En la casa en venta había un viejo perchero con dos abrigos colgados coronados por dos sombreros. Hacía ya tiempo que estaban allí, olvidados, a vista de todos los visitantes quienes los observaban con curiosidad, sin atreverse a reclamarlos. Testigos silenciosos, habían visto pasar personas mientras el tiempo lentamente los abrazaba dejando su huella en ellos, cicatrices silenciosas que acallaban los ecos de historias pasadas.
Hoy, toda la ciudad parece envuelta en un espeso manto de silencio, como si este, a modo de velo pesado, se hubiera posado sobre las casas, los árboles, las calles, los coches, la gente, invadiéndolo todo, abrazándolo todo, silenciándolo todo...
A nuestro alrededor solo reina el vacío y el silencio; las calles están desiertas, no hay gente, no hay coches, pero es como si algo extraño e inquietante lo atravesara todo... Es algo invisible, pero casi tangible, tan denso y preñado que casi se puede tocar... Es algo que te arrebata las palabras e incluso la fuerza, algo que obliga a la gente a desaparecer para dejarle sitio, casi como si te arrinconara contra la pared y te aplastara porque tiene derecho a pasar y ocupar cada espacio, cada rincón, cada recoveco, cada rincón oculto: hoy no hay sitio para nosotros, no hay sitio para las palabras, incluso los pensamientos parecen clavados y privados de toda libertad... Sin embargo una noche sería diferente.
Era una noche ventosa, con mucha lluvia, hace miles de noches, cuando dos Ford Falcon avanzaban lentamente hacia el este por la acera. Con un cielo negro como el carbón de fondo, las altas farolas iluminaban las cortinas de lluvia que azotaban los vientos tempestuosos. Cuando los conductores giraron a la izquierda, atenuaron sus faros y se detuvieron lenta y silenciosamente en el número de a vieja casa. Como ya era pasada la medianoche de este martes por la noche, gran parte de este barrio obrero se había dormido hacía unas horas. Mientras los coches estaban en marcha, varios hombres salieron sigilosamente y entraron por una puerta oscura para dirigirse a un apartamento en la parte trasera del tercer piso.

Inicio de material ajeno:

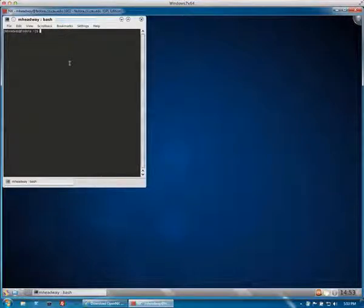So now you can pretty much do anything on the Linux system remotely as if you were working right in front of it.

Si alguien en el edificio se hubiera atrevido a escuchar, habría podido oír el sonido inconfundible de una puerta de madera al astillarse en pedazos, el arrastrar de pies sobre el suelo de madera y el sonido de puños impactando contra rostros. Si alguien hubiera sido lo suficientemente audaz como para mirar a través de las cortinas hacia la calle, en pocos minutos habría visto a tres personas sacadas del edificio y ser llevadas rápidamente.
El coche desapareció por la larga avenida mientras la noche silenciaba el ruido del motor, que se perdía y diluía en la lejanía, mientras aquellos que oían cómo se alejaban se escondían en sus sábanas, dejando que las lágrimas de miedo y alivio corrían por sus mejillas mientras sus cuerpos temblaban de miedo. Otro día podían ser ellos. No podían fiarse ni bajar la guardia.
El tiempo pasó. La vieja casa ahora en silencio contaba esta historia entre sus muros silenciados. Los muebles ya no estaban, los habían destrozado tras tierra la puerta abajo y arrastrar por el suelo a sus propietarios, las estanterías rotas y los libros dejados en el suelo fueron confiscados en busca de material sedicioso, los soldados acapararon todo el material de valor que pudieron y se llevaron todo lo que les cupo en sus bolsillos. Solo quedó el viejo perchero con los abrigos colgados y sus sombreros, desechados por ser demasiados viejos o no encajar con el gusto de los asaltantes, testigos mudos e inmóviles de historias terribles de un pasado cercano.